The decision came after the IOC Executive Board reviewed a report by the IOC Working Group, chaired by Germany's Claudia Bokel.
So what's next?
"An Evaluation Commission will now conduct further assessments of and hold video conferences with representatives from the three shortlisted Candidate Cities before submitting a report to the IOC members, who are scheduled to elect the host city at an Extraordinary Session in Lausanne on 4 July 2013," an IOC statement said.
Only two key dates remain.
The first is June 2013 (no specific day as yet) where the report by the IOC Evaluation Commission will be published before that all-important day on July 4, when the winner is announced.
The Youth Olympics itself still does not have the full backing of every IOC member but it will perhaps be the most tangible legacy of current IOC President Jacques Rogge, who will step down later this year.
Rogge is not a man known for his constant smiling but never have I found him more happy or approachable than at the first summer and winter editions of the Youth Olympic Games at Singapore 2010 and Innsbruck 2012 respectively.
In fact, the vast majority of IOC members seem to enjoy the relaxed, upbeat atmosphere created by the Games after two successful outings. Next up is Nanjing in 2014 before a Winter Youth Olympics in Lillehammer in 2016. But where the third Summer Youth Olympics go could truly help define the event.
The three remaining candidates all present strong but very different options.
First up is Buenos Aires, who are said to be eyeing the event as a way to tee up a bid for the full Olympic and Paralympic Games.
They are marketing their bid as a way to help spread the Olympic Movement across South America, tying it in with the fact that nearby Rio is staging the 2016 Olympics and Paralympics.
They are being spearheaded by Argentine Olympic Committee (COA) President Gerardo Werthein, who is of the rising figures in the IOC.
"Buenos Aires and Argentina are ready to host the Youth Olympic Games in 2018," he says. "The Olympic Movement can trust Buenos Aires to deliver a truly wonderful Youth Olympic Games that will make the sporting world proud of this new international celebration of sport and culture."
Next up is Glasgow, looking to build on the magnificent London 2012 and the upcoming 2014 Commonwealth Games in the Scottish city itself.
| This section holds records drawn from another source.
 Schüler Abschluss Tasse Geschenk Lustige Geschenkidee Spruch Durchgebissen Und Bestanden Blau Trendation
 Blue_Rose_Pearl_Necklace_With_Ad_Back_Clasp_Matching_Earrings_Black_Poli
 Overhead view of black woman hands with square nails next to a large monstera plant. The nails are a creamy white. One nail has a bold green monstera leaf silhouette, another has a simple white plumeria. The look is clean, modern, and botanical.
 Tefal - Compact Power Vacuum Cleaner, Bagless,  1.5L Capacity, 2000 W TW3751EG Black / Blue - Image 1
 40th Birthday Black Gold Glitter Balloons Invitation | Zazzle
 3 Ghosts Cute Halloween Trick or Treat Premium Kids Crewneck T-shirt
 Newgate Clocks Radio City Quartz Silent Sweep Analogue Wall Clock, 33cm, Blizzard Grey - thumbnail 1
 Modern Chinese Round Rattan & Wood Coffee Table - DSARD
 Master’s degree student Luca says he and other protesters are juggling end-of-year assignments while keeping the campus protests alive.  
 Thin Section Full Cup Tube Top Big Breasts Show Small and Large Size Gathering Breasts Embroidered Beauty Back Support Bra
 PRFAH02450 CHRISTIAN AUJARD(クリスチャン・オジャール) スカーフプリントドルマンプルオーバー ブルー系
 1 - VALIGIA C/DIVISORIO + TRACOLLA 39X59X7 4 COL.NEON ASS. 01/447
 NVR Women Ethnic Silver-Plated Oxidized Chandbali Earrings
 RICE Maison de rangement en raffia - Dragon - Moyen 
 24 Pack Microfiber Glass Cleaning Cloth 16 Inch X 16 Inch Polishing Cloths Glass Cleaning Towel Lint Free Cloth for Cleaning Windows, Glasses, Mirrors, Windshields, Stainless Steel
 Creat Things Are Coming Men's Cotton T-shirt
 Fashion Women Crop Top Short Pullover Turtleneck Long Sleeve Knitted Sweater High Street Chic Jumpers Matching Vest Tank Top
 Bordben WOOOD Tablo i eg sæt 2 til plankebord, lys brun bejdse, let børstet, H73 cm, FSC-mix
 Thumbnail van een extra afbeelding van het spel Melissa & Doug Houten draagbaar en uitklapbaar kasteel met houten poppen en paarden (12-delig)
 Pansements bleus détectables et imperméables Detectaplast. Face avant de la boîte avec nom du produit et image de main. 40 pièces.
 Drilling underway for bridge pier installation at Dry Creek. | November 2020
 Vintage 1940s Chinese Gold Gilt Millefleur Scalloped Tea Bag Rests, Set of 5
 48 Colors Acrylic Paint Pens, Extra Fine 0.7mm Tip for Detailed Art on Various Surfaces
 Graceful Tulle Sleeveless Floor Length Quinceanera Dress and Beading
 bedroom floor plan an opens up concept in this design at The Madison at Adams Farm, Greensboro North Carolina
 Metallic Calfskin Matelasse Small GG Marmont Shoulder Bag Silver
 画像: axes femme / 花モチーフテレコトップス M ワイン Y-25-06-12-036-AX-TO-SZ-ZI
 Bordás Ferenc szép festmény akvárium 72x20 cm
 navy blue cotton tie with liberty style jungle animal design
Technically, this is the strongest bid of the three given that all the facilities will pretty much be in place due to the Commonwealth Games.
But their trump card will be the fact that London 2012 chairman Sebastian Coe is now heading the bid, due to the fact he has become British Olympic Association (BOA) chairman.
Coe's standing in the IOC could not be higher right now after he delivered arguably their greatest ever Games last year. The entire IOC owe him a debt of gratitude and Coe standing on the stage in Lausanne this July will no doubt bring back found memories of the way he helped London win their 2012 bid when he took to the stage in Singapore in 2005.
"It is an honour to have Glasgow shortlisted to host the YOG in 2018," said Coe. London 2012 inspired young people like never before and there is now a once-in-a-lifetime opportunity for the UK to take the next step on the Olympic journey to empower young people globally."
Powerful messaging indeed; and given that the Glasgow 2018 bid will be armed with another heavyweight in the form of Scotland's IOC vice-president Sir Craig Reedie, the city can be forgiven for being quietly confident.
Last up is Medellín, who were for so long the dark horses in this race but who now must be respected and even feared by the two more established sporting cities.
The second largest city in Colombia hopes that staging the Games will showcase its remarkable renaissance.
Once the centre of the country's drugs trade, the Medellín Cartel was at the height of its operation making $60 million (£39 million/€45 million) a day exporting illegal substances around the world. But in the last 20 years the city has undergone a miraculous transformation, dubbed the "Medellín Miracle" and this year has been as announced as the Latin-American Capital City in Innovation due to their recent advances on politics, education and social development.
"This is a wonderful experience, and a dream that Colombia has had for several years," stated Andres Botero Phillipsbourne, Colombia's Sports Minister, who is also a member of the IOC.
"Medellín is now on the global sporting map. We know that our capabilities are equal to other major cities. We expect a serious campaign from Glasgow and Buenos Aires and we are committed to show that Medellín is the perfect place to bring the Youth Olympics."
In this, the year of the Olympic elections, rumours are already rife that block votes are being traded in favour of votes for the 2020 Olympics and Paralympics and the IOC Presidency later this year.
What that leaves is the strongest Youth Olympic bid race ever, and perhaps the toughest of all the IOC election races to pick this year.
The fact of the matter is that all three have great credentials and could all stage fantastic events.
And that what makes this race so wonderfully compelling.